:: Entries shown ::
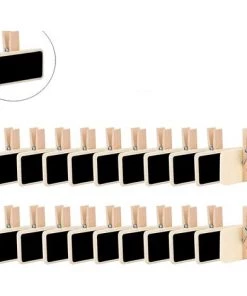 Mini Tableau Noir En Bois, Mini Panneau D'Affichage Avec Pince Mini Tableaux Mémo Mini Tableau Noir Ardoise Pour Mémo, Mariage Étiquette Alimentaire Forme De Rectangle Lilaris 30Pcs，Irisfr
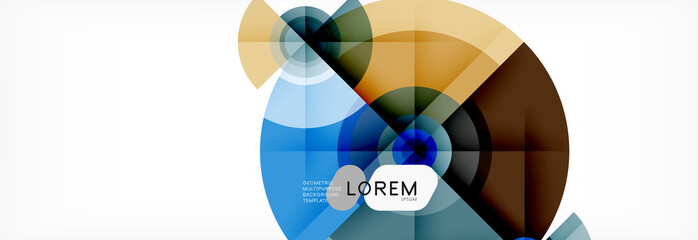 Obraz premium Okrągłe okręgi i trójkąty streszczenie tło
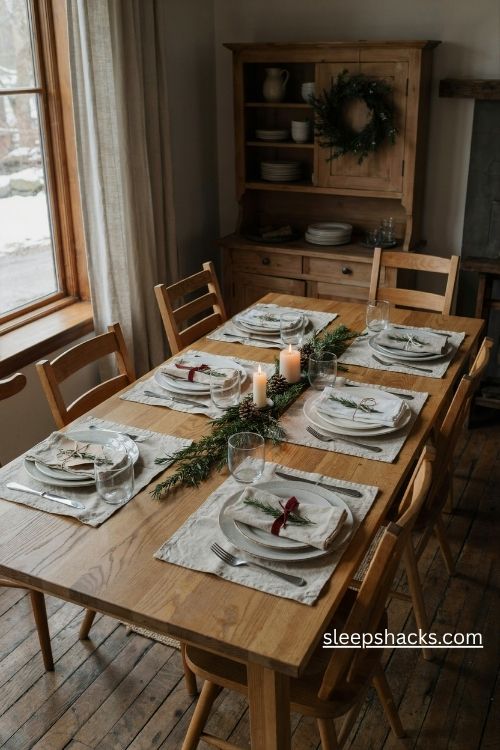 Folded christmas dinner napkin with a fresh rosemary sprig and simple ribbon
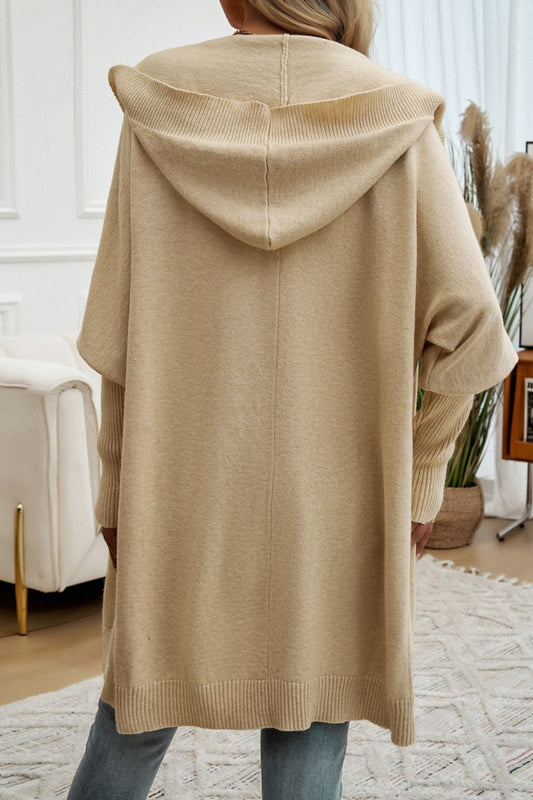 Long Knit Hooded Cardigan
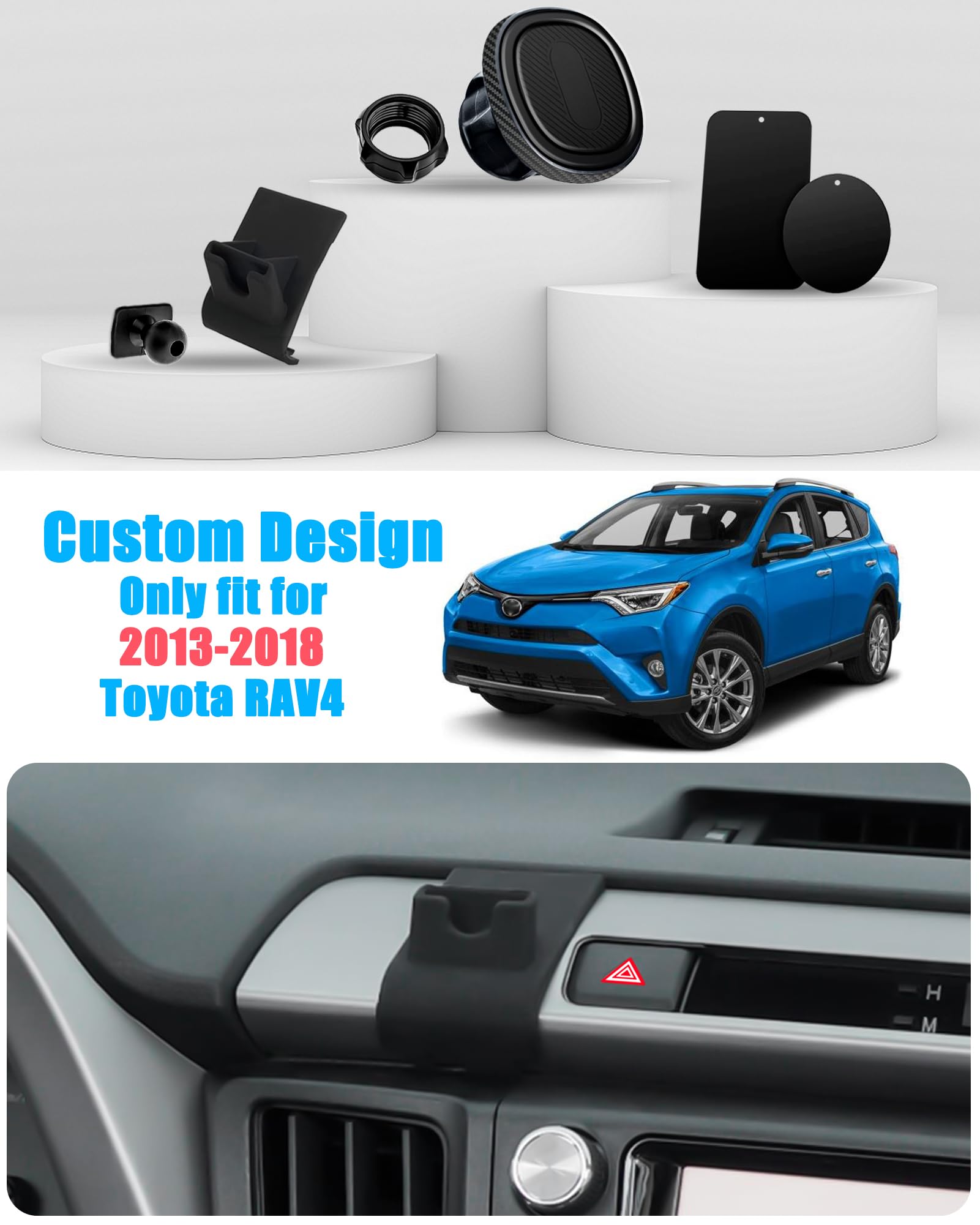 Ve Ve Power Car Phone Holder, Air Vent Hands  Adjustable Phone Stand, Auto Cradles Dashboard Mount For Toyota Rav4 2013-2018, Custom Magnetic Navigation Bracket For All Smartphone, For Iphone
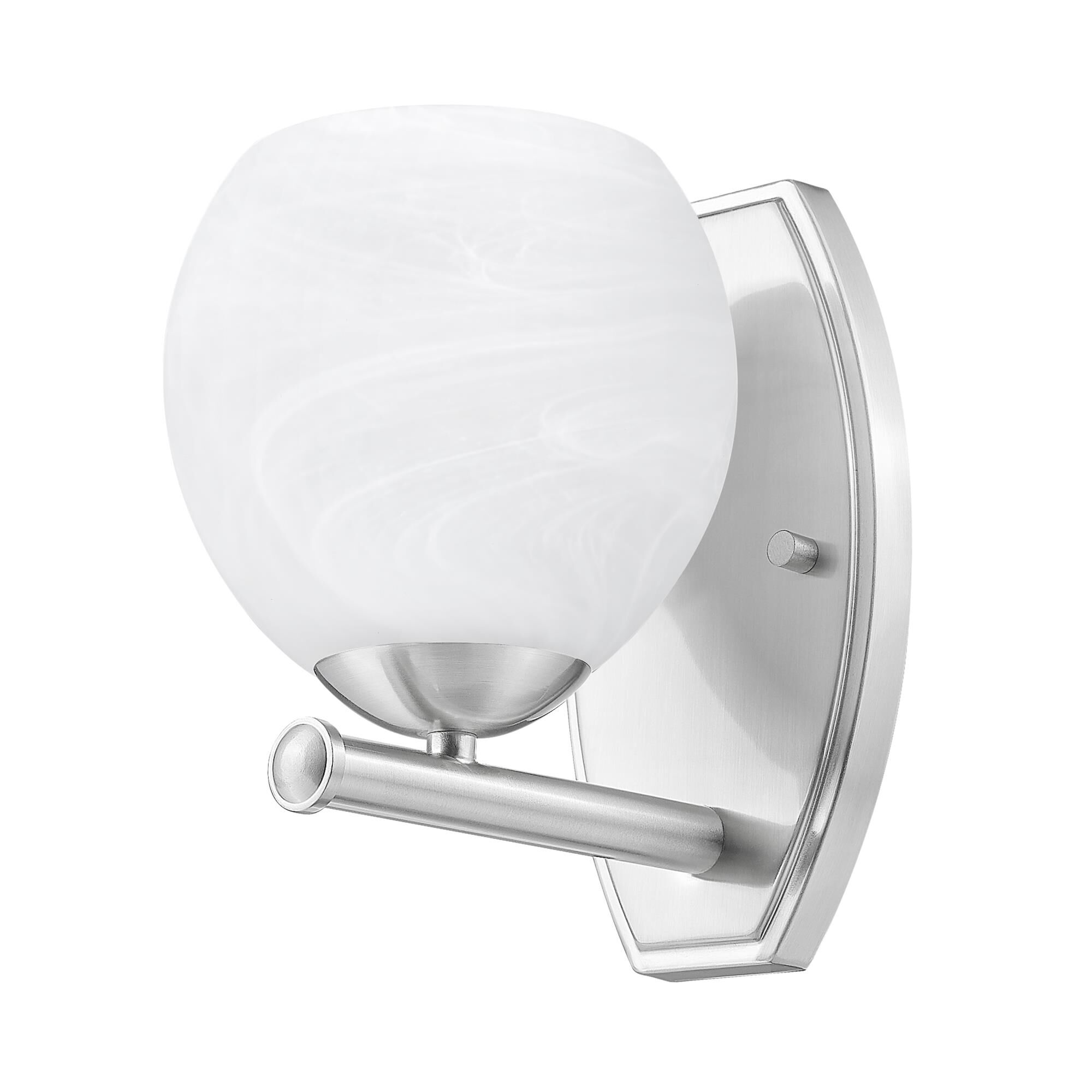 Shown in Brushed Nickel finish and Feathered White glass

:: Exercise ::
Everything in the preceding material must be transcribed exactly, except the images.

:: Solution to the exercise ::
 Mini Tableau Noir En Bois, Mini Panneau D'Affichage Avec Pince Mini Tableaux Mémo Mini Tableau Noir Ardoise Pour Mémo, Mariage Étiquette Alimentaire Forme De Rectangle Lilaris 30Pcs，Irisfr
 Obraz premium Okrągłe okręgi i trójkąty streszczenie tło
 Folded christmas dinner napkin with a fresh rosemary sprig and simple ribbon
 Long Knit Hooded Cardigan
 Ve Ve Power Car Phone Holder, Air Vent Hands  Adjustable Phone Stand, Auto Cradles Dashboard Mount For Toyota Rav4 2013-2018, Custom Magnetic Navigation Bracket For All Smartphone, For Iphone
 Shown in Brushed Nickel finish and Feathered White glass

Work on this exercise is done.